Congress can also help by enacting legislation to protect employee free-speech rights. While the First Amendment only protects citizens from the government, legislation could protect employees from having their freedom of speech restricted by their employers. There are legitimate disagreements about employees’ freedom to express their political views while on the job. It seems reasonable to me that employers should be able to restrict this when an employee is representing the company to customers, and special types of employers such as political parties and certain non-profits have a legitimate interest in ensuring that their employees are genuinely committed to a political mission in a way that a for-profit company does not. At a bare minimum, though, employees of for-profit companies should have the freedom to express a broad spectrum of political, religious, and ideological views when they are off the job.

The politically correct trope in recent decades has been that, when sex differences in political attitudes arise, women are presumed to be right and men are expected to change their views accordingly. This presumption needs to end. Instead, we should adopt an approach of dialogue towards mutual understanding, with an openness to the possibility that men and women may both have something to learn from one another. A mature society does not fetishise either sex. It seeks to harness the good that both bring while suppressing the vices that may be more prevalent among each.

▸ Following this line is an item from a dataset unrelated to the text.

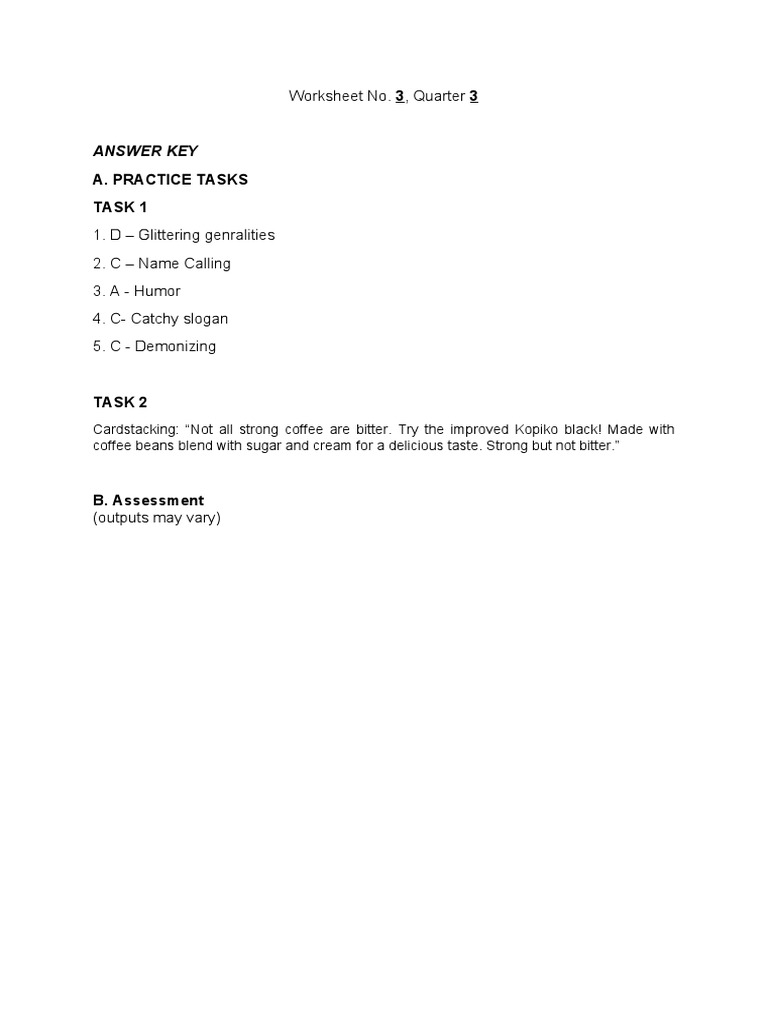 Concept 21 Identifying Functions Worksheet Level 3 Answer Key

The most important changes go beyond sex differences and consist of ensuring that future generations understand why free speech, equality, and tolerance need to be cherished and protected. It is the failure of our education system to transmit these values that has caused the current crisis, and we need to act quickly to reverse these troubling trends among our young men and women alike. Organisations like the American Council of Trustees and Alumni, the Foundation Against Intolerance and Racism, and the North American Values Institute are already engaged in this crucial work and they deserve our support. Andrews contends that “the rule of law will not survive the legal profession becoming majority female.” I’d rather see a Supreme Court with nine female justices who are committed to our Constitution than the confirmation of even one male justice who believes that the First Amendment is outdated or that offensive speech should be criminalised. If the ideological makeup of the Senate shifts far enough that such a justice could be confirmed, then it may be too late to reverse the cultural shift before it proves catastrophic. The time to act is now.